The scene wherein Peppermint Butler teaches Finn and Jake to enter the land of the dead by crossing their eyes and staring at a corner was inspired by a story that Moynihan's father told him when he was younger. According to the artist, his father told him that if you "concentrate really hard enough", you would "walk into another dimension". Moynihan recalled the story when he was storyboarding, and worked it into the episode. The climax featuring Death and Finn engaging in a musical competition was specifically written so as to not be "corny". According to Ward, scenes featuring contests were often avoided because they were "the easiest traps to fall into when you're writing an outline", but in this case, the writers realized that a contest would work towards the story's strengths.

In original drafts of the episode, Finn and Jake were guided through the Land of the Dead by a mysterious rabbit. While working on the episode, Sanchez continually felt that the rabbit was misplaced in the episode. Eventually, the writers and series staff began to agree with Sanchez, and when it came time to revise the episode, the rabbit was cut. The rabbit's role was later partially replaced by an ominous talking skull that tries to get Jake to drink from the "River of Forgetfulness". According to storyboard artist Rebecca Sugar, a rough draft for the original ending featured Princess Bubblegum becoming a man without the Princess Plant. Moynihan later noted that the writers were being a "little reckless" when it was pitched, and Ward joked that he had to step in and be "quality control" to prevent the idea from making it into the final episode.

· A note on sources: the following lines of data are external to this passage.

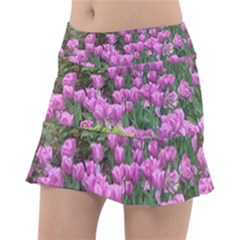 Late April Purple Tulip Tennis Skirt by Riverwoman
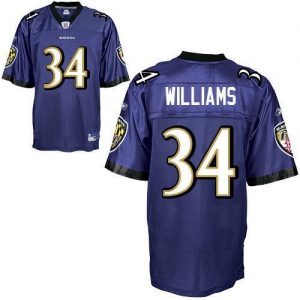 Ravens #34 Ricky Williams Purple Stitched NFL Jersey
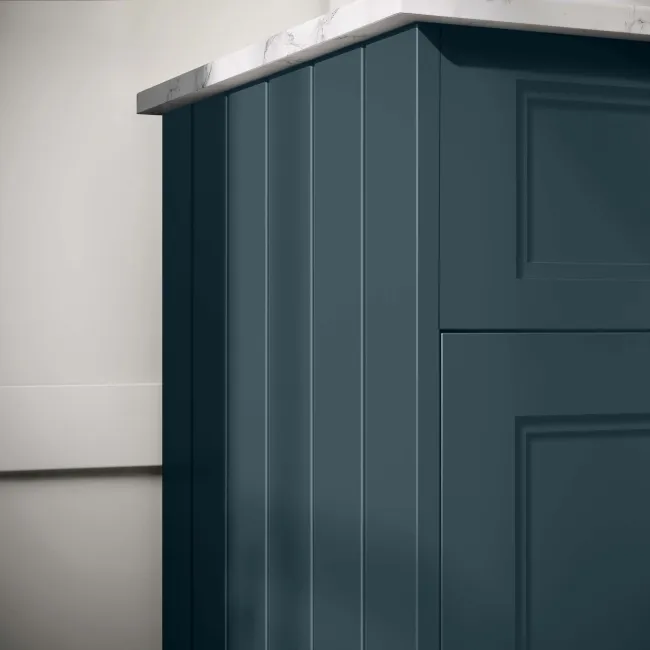 Lucia Inky Blue Vanity with Marble Top & Round Counter Top Basin 840mm - Brushed Brass Accents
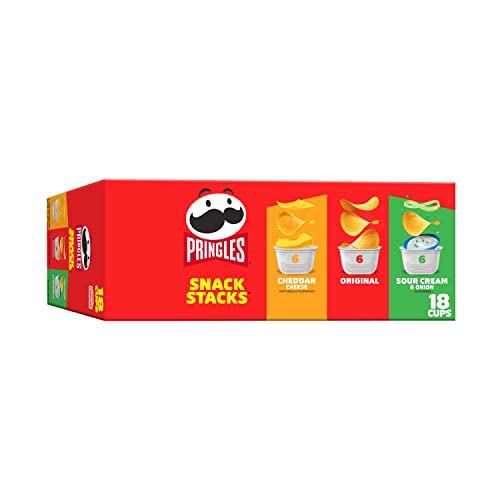 Pringles Potato Crisps Variety Pack - 18 Snack Cups, 12.9oz Box | Perfect for Lunch, Office & Kids Snacks | Great for Parties, Road Trips & Movie Nights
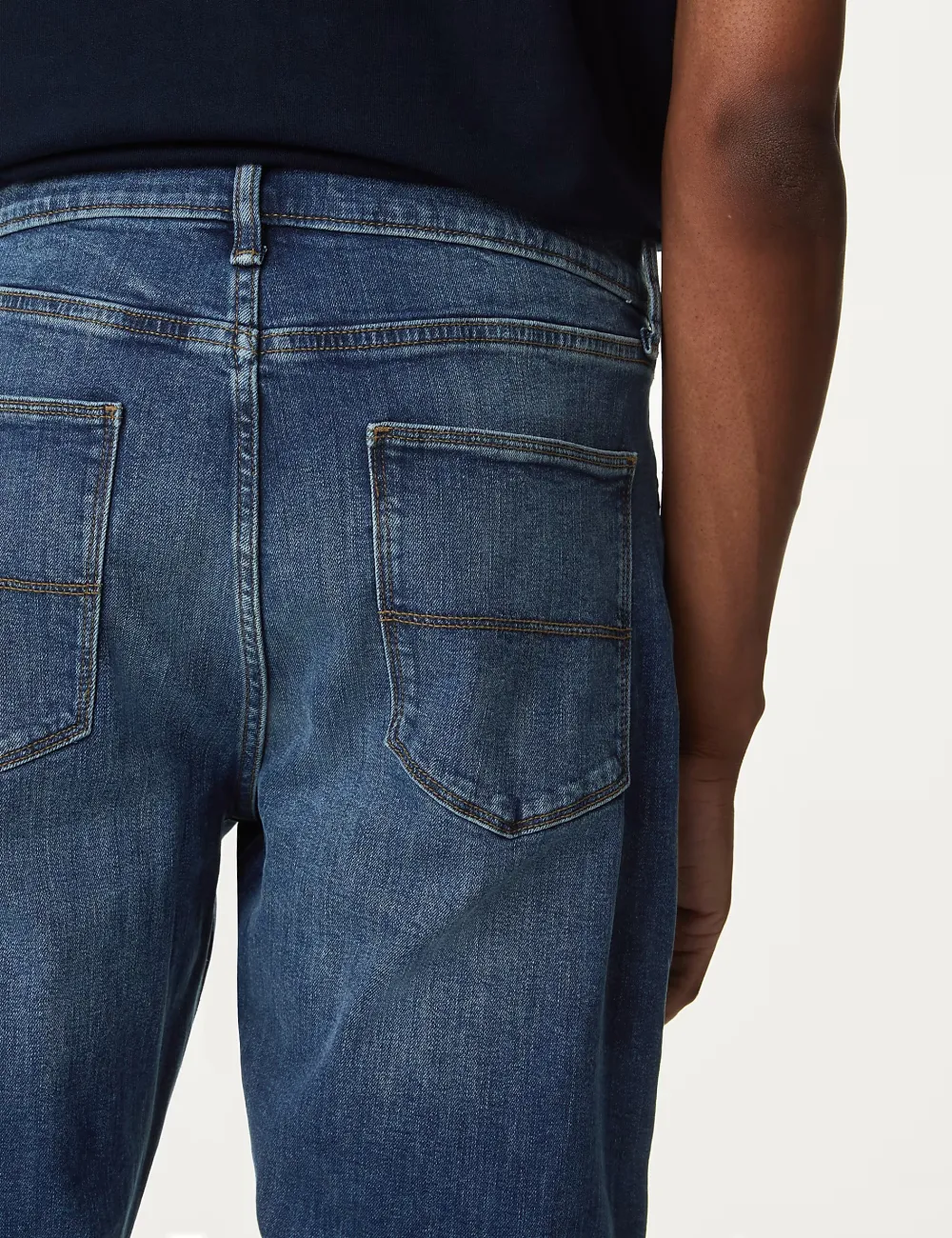 Men's Black Loose Fit Stretch Casual Jeans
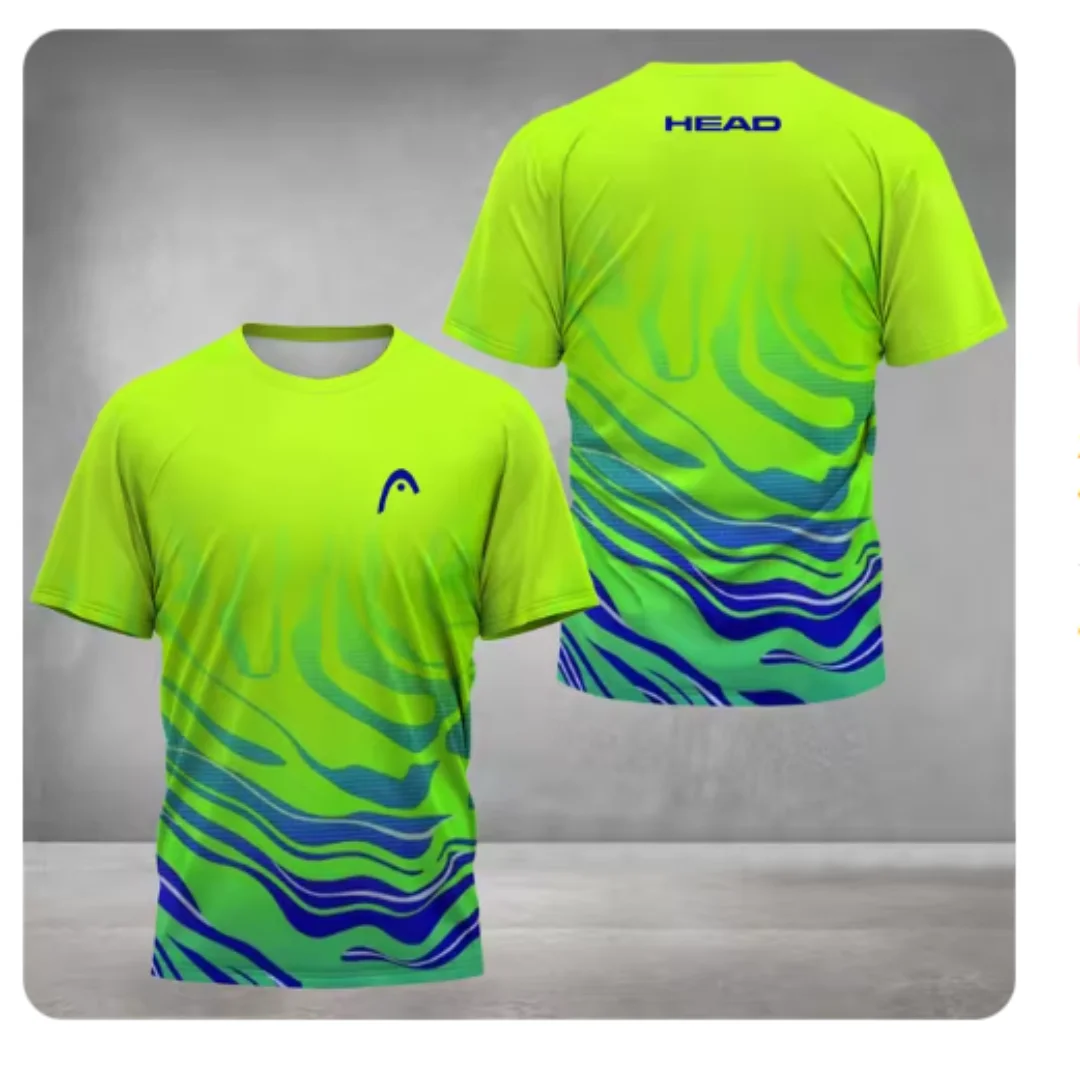 2024 New Men\'s Grey 3D Printed Tennis T-Shirt High Quality Breathable Outdoor Running Hiking T-Shirt Wicking Badminton T Shirts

Death was voiced by Miguel Ferrer. Ferrer would later reprise his role in the fourth-season episode "Sons of Mars", and several subsequent episodes after that. Death's look was designed by Moynihan, who admitted on his personal website that he was somewhat intimidated with the task of redesigning such an iconic character. Moynihan deliberately avoided the stereotypical depiction of death with a robe and a sickle, instead choosing to experiment with both a "Japanese cosmic alien thing" and a "Jodorowsky/Holy Mountain inspired" design. The latter design won out, although Moynihan later changed the character's head into a horse skull. The design for the character was then finalized by Phil Rynda, who was the series' lead character designer at the time.

==Reception==
"Death in Bloom" first aired on Cartoon Network on February 28, 2011. The episode was viewed by 1.981 million viewers and scored a Nielsen rating of 1.2/2 percent. This means it was seen by 1.2 percent of all households and 2 percent of all households watching television at the time of the episode's airing. The episode first saw physical release as part of the 2013 Fionna and Cake DVD, which included 16 episodes from the series' first three seasons. It was later re-released as part of the complete second season DVD in June 2013.

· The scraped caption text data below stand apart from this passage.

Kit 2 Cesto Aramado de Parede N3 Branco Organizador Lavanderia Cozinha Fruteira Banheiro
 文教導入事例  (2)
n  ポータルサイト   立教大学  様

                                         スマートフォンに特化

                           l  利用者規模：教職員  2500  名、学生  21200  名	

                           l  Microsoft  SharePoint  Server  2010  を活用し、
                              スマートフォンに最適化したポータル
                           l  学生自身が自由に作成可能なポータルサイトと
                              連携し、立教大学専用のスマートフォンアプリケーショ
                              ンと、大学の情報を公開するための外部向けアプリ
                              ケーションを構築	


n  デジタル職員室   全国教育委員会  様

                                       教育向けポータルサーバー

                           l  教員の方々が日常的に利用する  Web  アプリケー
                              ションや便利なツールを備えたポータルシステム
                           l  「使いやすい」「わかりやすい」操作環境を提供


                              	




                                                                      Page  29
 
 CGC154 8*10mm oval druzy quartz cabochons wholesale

Tyler Foster of DVD Talk wrote highly of the episode, and highlighted it as a stand-out of the second season. He applauded the way in which the series reinvented the idea of the Underworld, noting that its presentation was "hilarious in and of itself". In addition, he was complimentary towards Ferrer's performance as Death; in a review of the Fionna and Cake DVD, Foster referred to the actor's work as "hilarious" in the episode, and in a review of the second season, he wrote that "if 'Miguel Ferrer as Death' isn't a perfect four-word tease pitch for the show's genius, I don't know what is." Matt Fowler of IGN cited the episode as a season highlight, writing that the episode's best part is when "Finn has a 'death metal-off' with Death". He also noted that the episode is important to the series as a whole, as it is one of the many second season entries that marks a "darkening effect" upon the series; he specifically cited the scene wherein Peppermint Butler demands Finn and Jake's flesh as payment.